Up to 1,300 patients over a time span of almost two years had their personal data mistakenly transmitted to local county health departments from two obstetric clinics at UNC Health Care.  The patients were prenatal patients who had completed Pregnancy Home Risk Screening Forms containing Social Security numbers and a detailed health history.

In March 2017, UNC Health Care began notifying the potentially affected patients and working with the involved health departments to purge their systems of patients they shouldn’t have received information for.  UNC reported that the breach did not affect patients financially and set up a call center for questions.

Chipotle

Amidst recovering sales numbers, Chipotle found out that hackers used malware to steal customer payment information from most of their 2,250 US restaurants and a handful of Canadian locations.  The hack and theft of information is said to have went on for about 3 weeks from March 24, 2017 to April 18, 2017.

An investigation into the attack revealed that the malware used data from the magnetic strip on payment cards to steal card data including account numbers and internal verification.  Chipotle’s non-compliance with PCI and EMV standards will likely result in a fine, on top of another drop in sales.

DocuSign

A data breach at one of DocuSign’s computer systems resulted in stolen customer emails and allowed the hackers to target compromised individuals for an elaborate phishing scheme.  The malicious email campaign that DocuSign uncovered contained a link to a Microsoft Word document download carrying malware.

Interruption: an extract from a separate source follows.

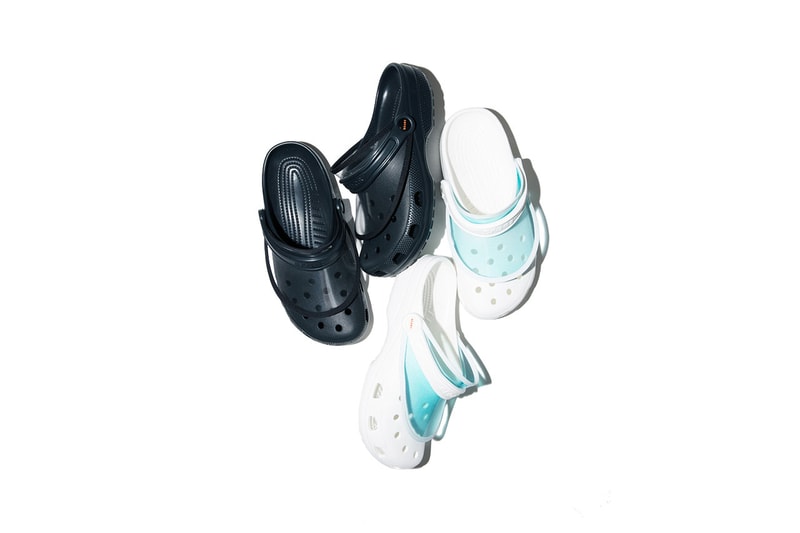 BEAMS x Crocs SS19 Footwear Collaboration Models clog slip on fringe sun visor waist fanny bag pack colorways boy platform jelly sandal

DocuSign is asking customers to send any suspicious emails they receive related to the company to spam@docusign.com, then delete them.

Kmart

Late last month, Kmart posted a letter to their website acknowledging malware that had been installed on payment data systems and could not be detected by anti-virus software.  Kmart immediately stated that the malware had been removed and that their systems were safe to use again.  The company also reassured the public that no personal identity information had been obtained by hackers but admitted that some credit card numbers had been compromised.

Because all of their stores were EMV “Chip and Pin” compliant at the time of the breach, Kmart maintains that the data that can be used to complete fraud or theft is limited.